I did it before I'M DOING IT AGAIN

cjpg
cjpg Posts: 433 Member
Ok so I fell off the wagon pretty much as hard as you can.

Back in 2011 I joined this site. I was 116kg's. I didn't want to be any more. So I decided to change that.
Within six months I lost 18 kg's and was resting at 98kg's.

Then life hit me harder then I could possibly have expected. I lost my IT job and with it my career of 5 years.
I lost the love of my life and with it a relationship of seven years.
Life itself made me redundant. And I shut down.

For two years.

Today I lay here typing to you as someone who has allowed himself to get to 114kg's again over the last two years.
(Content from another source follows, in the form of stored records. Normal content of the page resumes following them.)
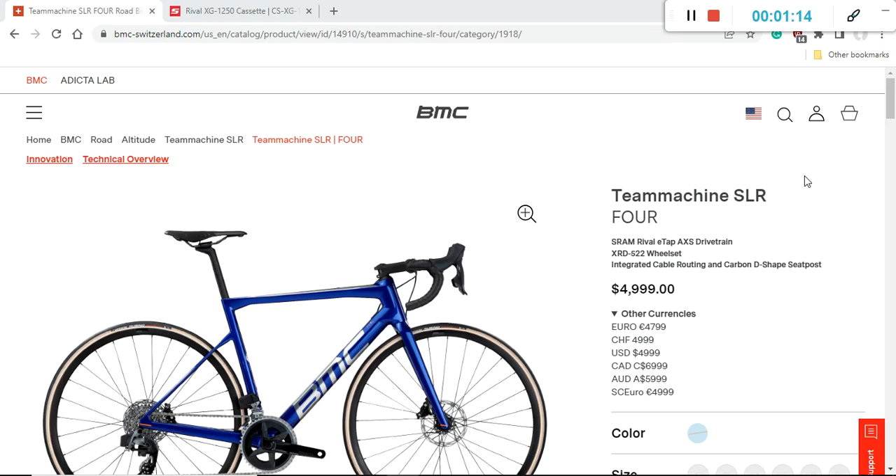The SLR range is not the top-of-the-line that BMC can offer — they have their SLR01 range, but those bikes are really expensive. That's why I'm focusing here on the Team Machine SLR range, and specifically the SLR4 model. The retail price of this bike is $5,000 US dollars, or 4,800 euros in Europe. It's definitely not a cheap bike, but we'll dive into the specifications to see what you really get, and at the end I'll give my recommendation.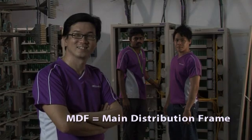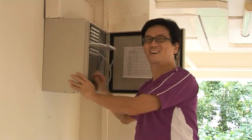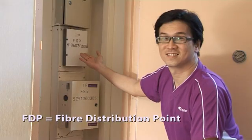I'm here at one of our HDB housing estates. What happens is that the fiber cables are linked underground all the way here from our central offices to the main distribution frame, or MDF, of this area. From the MDF, the cables continue to the fiber splicing hub, or FSH, and then to the fiber splicing box, or FSB, and the fiber distribution point, or FTP. And from the FTP, the fiber cables run alongside our corridor, much like what you see here, and into each home.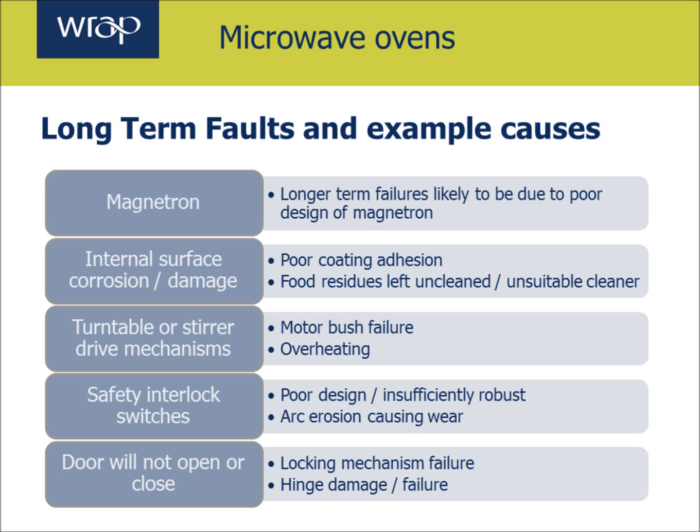Safety interlock switches can fail due to poor design or being insufficiently robust. You have to remember that the door in a microwave oven will be opened hundreds or thousands of times during its life cycle, and therefore latches, switches and mechanisms have to be able to deal with this. You can also get arc erosion causing wear on an electrical switch when the door connection is broken, which can generally wear out over time. There are also generic issues with doors — locking mechanism failure, hinge damage — which could be due to user behaviour such as putting weight on the door, or the fact that the hinge hasn't been specified robustly enough.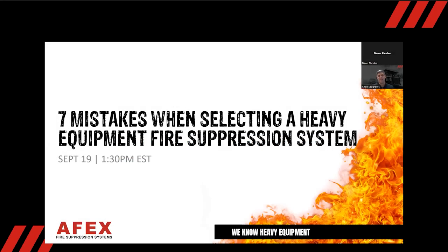I appreciate you guys standing by. I was just mentioning that we sure do appreciate your time being here. Going to try to keep it as short as possible. Obviously, we want to hit on some of these key points when you're purchasing a fire suppression system, but I know your time is very valuable.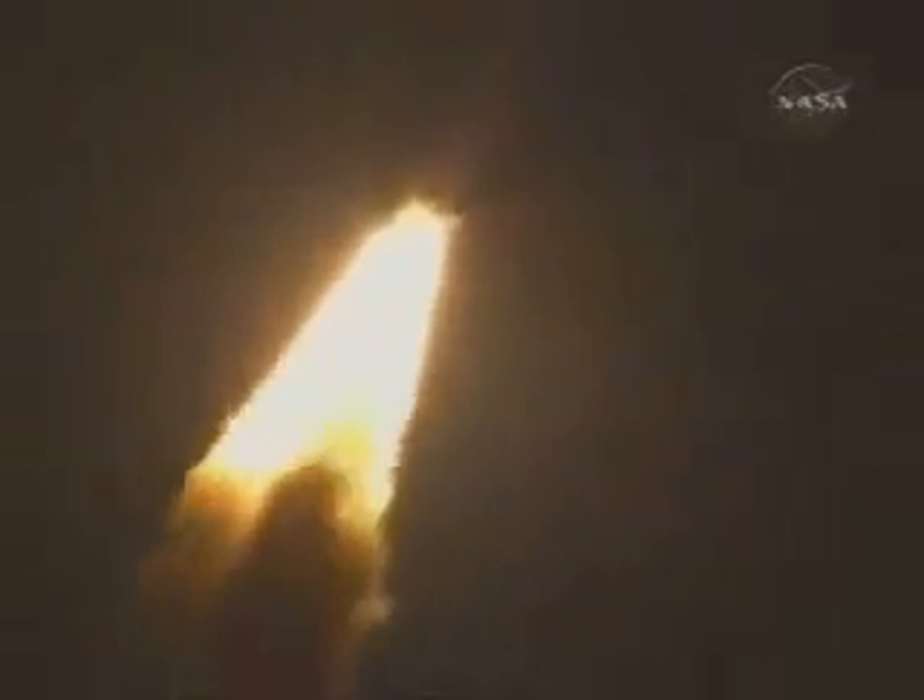Discovery flying 365 miles per hour, one and a half miles in altitude, seven miles downrange from the Kennedy Space Center. Discovery's engines are throttling down as the orbiter passes through the area of maximum pressure on the vehicle.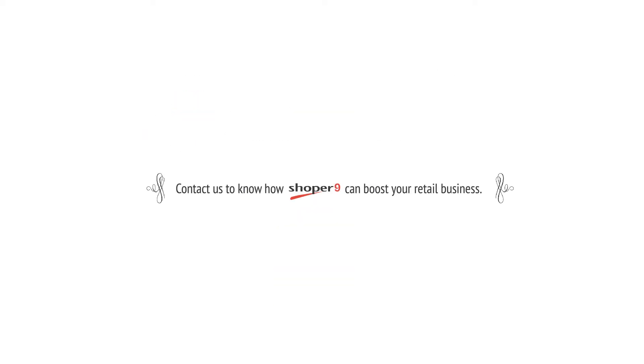Contact us to know how Shopper9 can boost your retail business. Shopper9 — Simplifying Retail. For more details, log on to www.TallySolutions.com.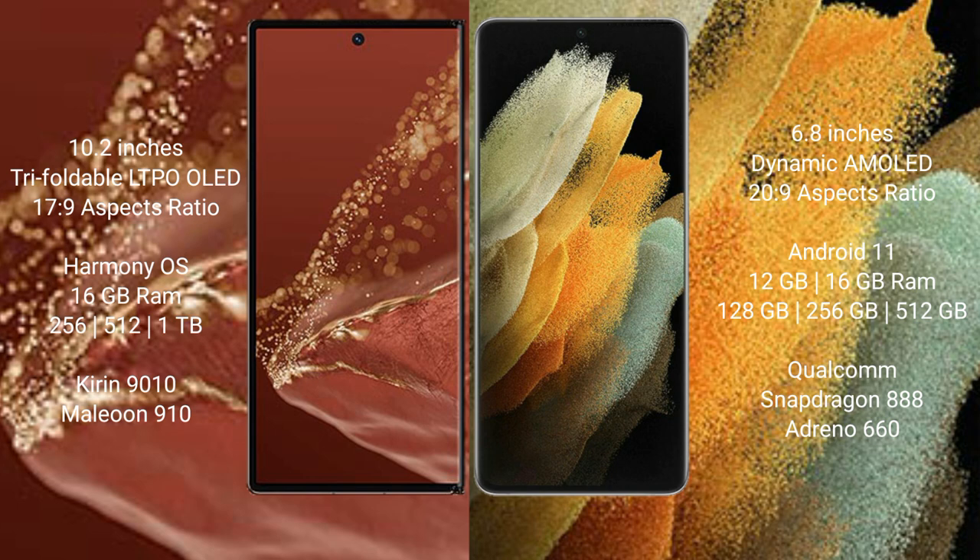The Samsung Galaxy S21 Ultra comes with 12GB or 16GB RAM and 128GB, 256GB, or 512GB internal storage, powered by the Qualcomm Snapdragon 888 processor with an Adreno 660 GPU.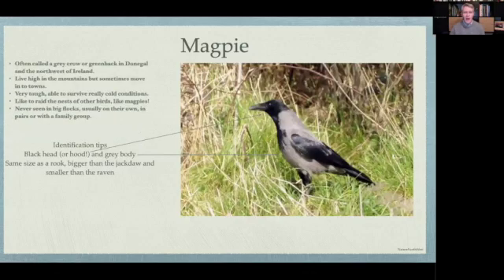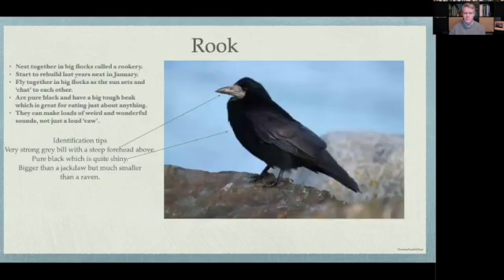The next crow is the hooded crow, sometimes called the gray crow or gray back. These guys are tough — they live high up in the mountains, in the bogs, in places where it looks like there's really not much food at all. They don't like to hang around in big crowds; it'll usually be just mum and dad crow and sometimes their young. Very tough, always watching. If you were a magpie or a smaller bird and you saw one of these coming, you'd hide — because these guys quite often like to raid nests.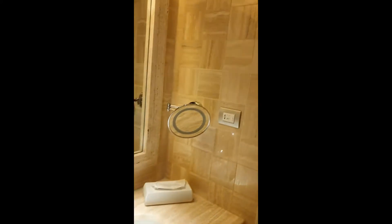From the bathroom, you also have this mirror if you need a close-up of yourself.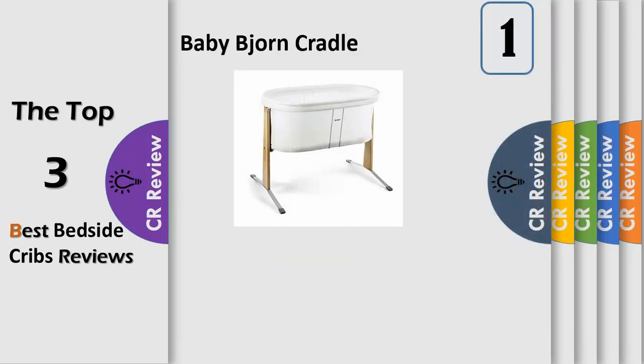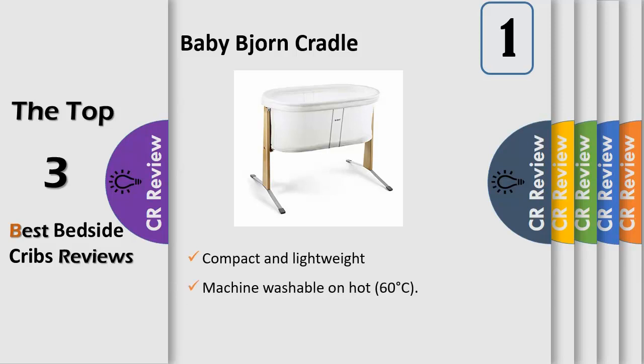A compact cradle where your newborn can sleep peacefully. The baby cradle's gentle springy rocking is similar to the soothing motion of a stroller — a perfect place to sleep in the early months when your baby takes short, frequent naps. The cradle's low height and transparent mesh fabric also give you a reassuring degree of supervision over your baby. Suitable for babies from approximately 0–6 months, max weight 18 lbs (8 kg).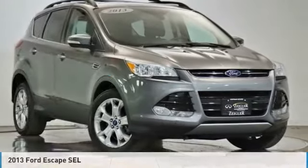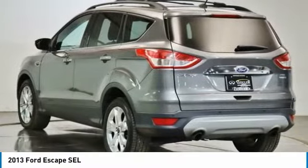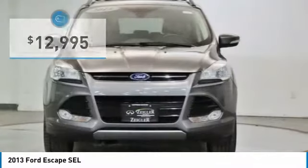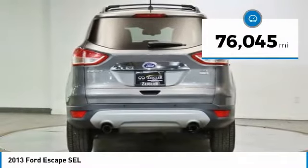Show you the 2013 Escape. Gas engines flex, tow, sip, and go with Ford Escape, and is priced below $15,000. This vehicle has less than 80,000 miles.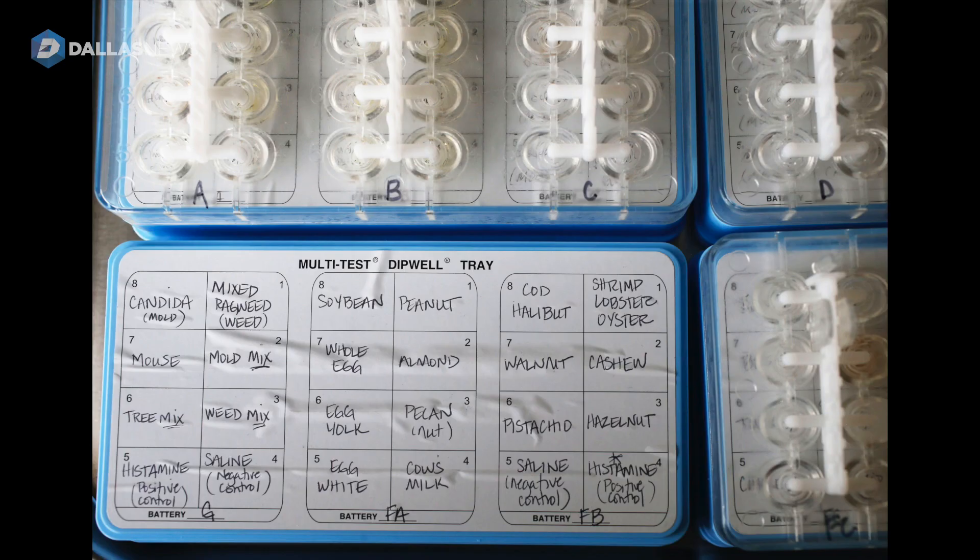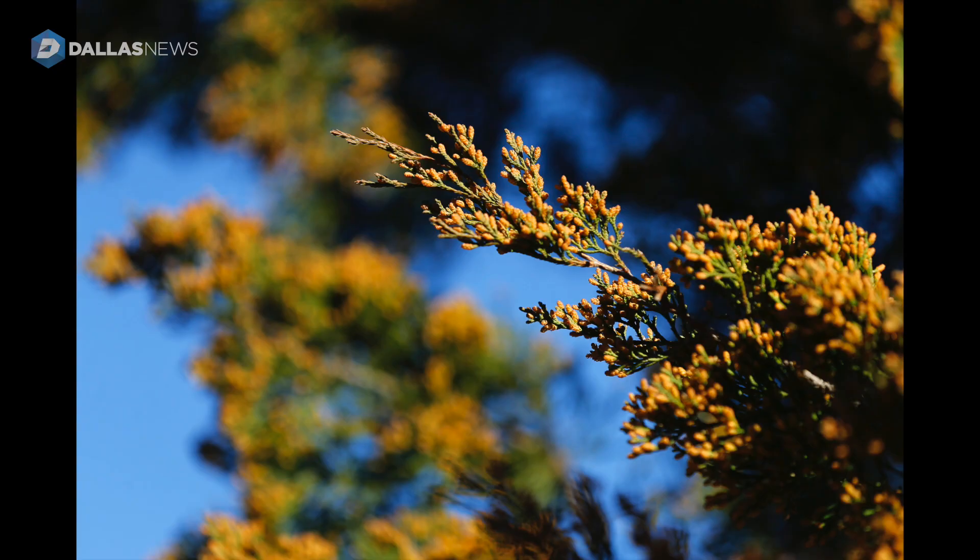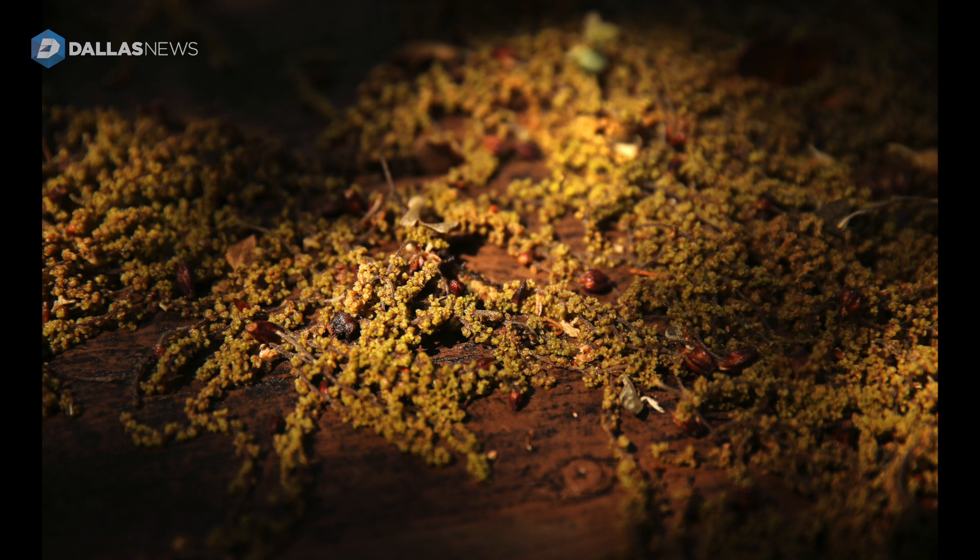The first part in finding relief is I highly recommend getting an allergy test, which tells you what you're allergic to. Once you know that, you really want to try to avoid the pollens in that particular season or the particular substances you're allergic to, and avoid peak times when the pollen is out, washing your face and hands to prevent that pollen from being propagated all over.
I want to say I feel ashamed but I dont. It was my choice. I let life convince me to stop - and I stopped.

Today I make a promise. To do it all over again. But for the right reasons. Clearly my resolve was not strong enough last time to break apart like I did. I was doing it for other people before myself.

I am doing this for myself. I will do this. Just you watch.

If anyone wants to lend support I openly invite people to share my journey. I started my gym training today and at 114kg's managed to run 5k's in 36 mins 45 secs.

I now have a benchmark >:) GAME ON!

Replies

  • PINKinquisition1908
    PINKinquisition1908 Posts: 180 Member
    You can do it!
  • dopeysmelly
    dopeysmelly Posts: 1,390 Member
    You're not alone.

    I was down to size 4 about 9 years ago after a lifetime of being borderline obese, but then got pregnant (had to graze constantly to defeat the nausea) and life (baby, work, business travel, moving) got in the way.

    I don't feel ashamed at all that I let the weight come back. It wasn't ideal, clearly, but my life was complex and I couldn't spend the time to sort it out. I was spending my time doing other things which were very important right then. That's why I'm doing it now.

    I also know with absolute positivity that I'll do it. I don't have a single doubt in my mind at all. My certainty actually scares my husband a bit TBH. I'm not keeping any fat clothes (except one pair of shorts so I can compare later), and I'm going to log food, weigh myself and get 1 hr of daily exercise for the rest of my life. Done.